Grief is a funny thing. Not funny-ha-ha, but funny-peculiar. One can think one’s self well acquainted with it, only to be introduced to another angle of it. I have found myself continuously turning corners in this path of grief I tread, and finding completely unexpected landscapes spread out before me. A few months ago, my memories of Ford’s life and death had become hazy, at best. While I missed him painfully, I was used to his being gone, as used as one can be. But over the past couple of months, I’ve been learning to grieve in a new context, and subconsciously, all my memories and natural patterns of thought have adjusted again. I’ve had sudden vivid memories of the accident and our early days of grief. I’ve had recurring nightmares featuring Ford in rôles he hasn’t played in them since his death. [And lest you think me strange for mentioning my dreams, I have several vivid dreams every night that I usually remember in detail in the morning, so they do make a difference on my morning mood, sometimes even all day]. I’ve come across things that my family, friends, or I wrote those first few months and been moved to weeping by them. And, once again, I’ve had the urge to tell him something important, or maybe just something he’d get a kick out of, and then remember I can’t make him chuckle or be surprised or pleased or anything anymore.
It’s a little odd, I’d not been to a funeral since Ford’s, 543 days ago, yet this week I’m attending two requiem masses. On a week that I have been constantly pushing aside the memories and the reminders of what happened, trying to escape the reality of death, perhaps to be faced with death like this is just what I need. Grief is an inconvenient thing.
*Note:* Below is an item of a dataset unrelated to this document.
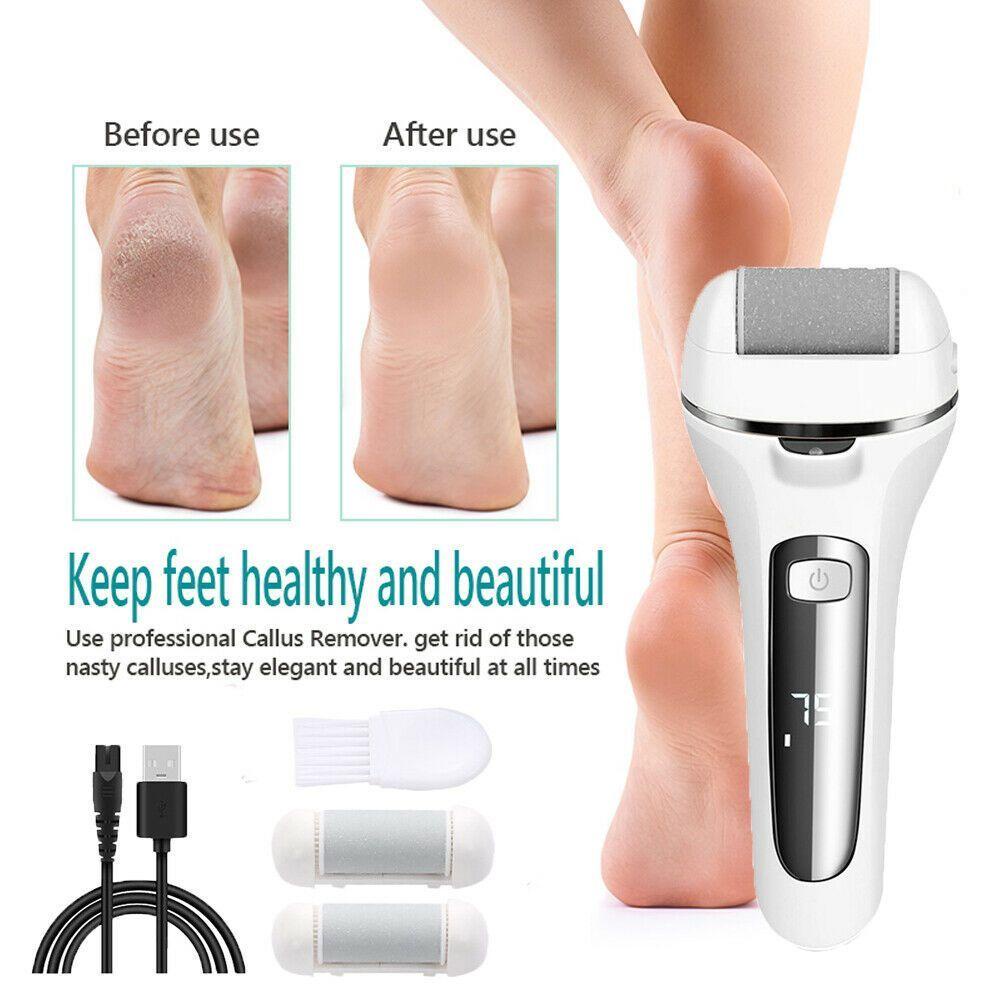 Giấy Nhám Tẩy Tế Bào Chết Cho Bàn Chân Chạy Điện Tiện Dụng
It’s far easier to turn off the music that brings a lump to the throat, to try to push back the memories that pop up, and keep on working, than to take time to grieve. Our culture does not take time for grief. We avoid even the appearance of grief. (What better example for this than the way funeral homes are made to look? Fresh, bright green lawns, respectable buildings…just another office or home). We’ve commandeered the colours of mourning for everyday so that it won’t make anybody sad to see someone dressed in sombre raiment. We might grieve a bit with the family and friends of the departed, or send them flowers or a card, but then we expect them to get over it. How can we treat death as something to be “gotten over”? Death is a part of our everyday lives, whether or not someone close to us has died. Not just as the final last breath kind of death, but in a million small ways. To try to ignore these is purely foolishness. It’s like trying to ignore one’s height, or the colour of one’s skin, or one’s accent. Death is a part of us, and therefore grief is a part of us. This is not a shameful thing. Those obnoxious tears that come flowing when you’re in the middle of washing dishes? Let them flow. If somebody else sees them, good. If Christ was not ashamed of showing his grief, why should we be?
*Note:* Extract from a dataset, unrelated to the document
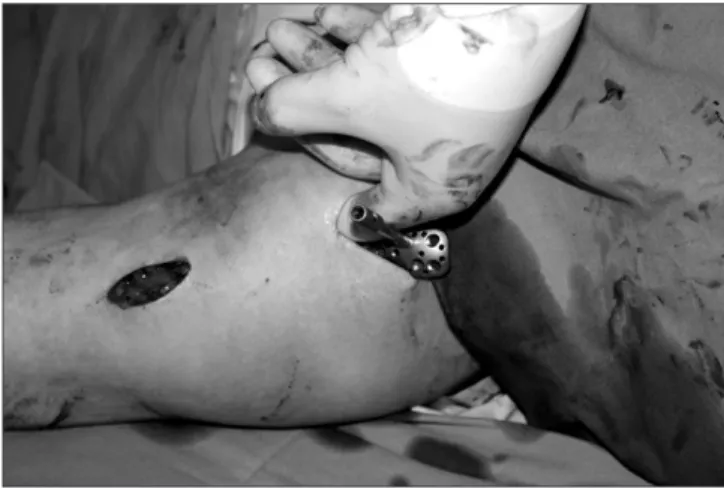 Figure 2. A K-wire is inserted to the proxi- proxi-mal humerus through the plate and  reduc-tion is achieved by purchasing the cortical  screw to the humeral shaft.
WordPress tells me I wrote those first few paragraphs 542 days (18 months) ago, as I rode the roller coaster of 5-weeks-pregnant-and-not-sure-if-this-baby-will-stay-with-us-or-not. As much time again has elapsed since Ford’s death. Once again, I’m becoming accustomed to grieving in a new context. Once again, I’m trying to put death into a box. Once again, it is being forced before my face as my husband and I talk through the purpose of life insurance and discuss how our family would continue on if one of us died, and with gut-wrenching flashbacks to the moments and days and weeks surrounding Ford’s death, as well as heartbreaking news of baby after sweet baby departing this life. And I tremble and weep and hold my family close and then wipe away the tears and try to pretend I’m a normal person.
The problem with putting death into a box, with tucking away our grief so that we will feel numb, which we persuade ourselves is better than the raw pain of endless brokenheartedness, is that if we deny death, we also deny death’s Conqueror. When we refuse to suffer, we spit in the face of the Sufferer. When we say we don’t want to waste our time grieving, we turn up our noses at the Man of Sorrows. Without the dark bitterness of Holy Week, Easter is nothing but another day. But thanks be to God, we are called to grieve in hope. May our hearts turn to the Light, and the lengthening shadows of evening be seen for what they are.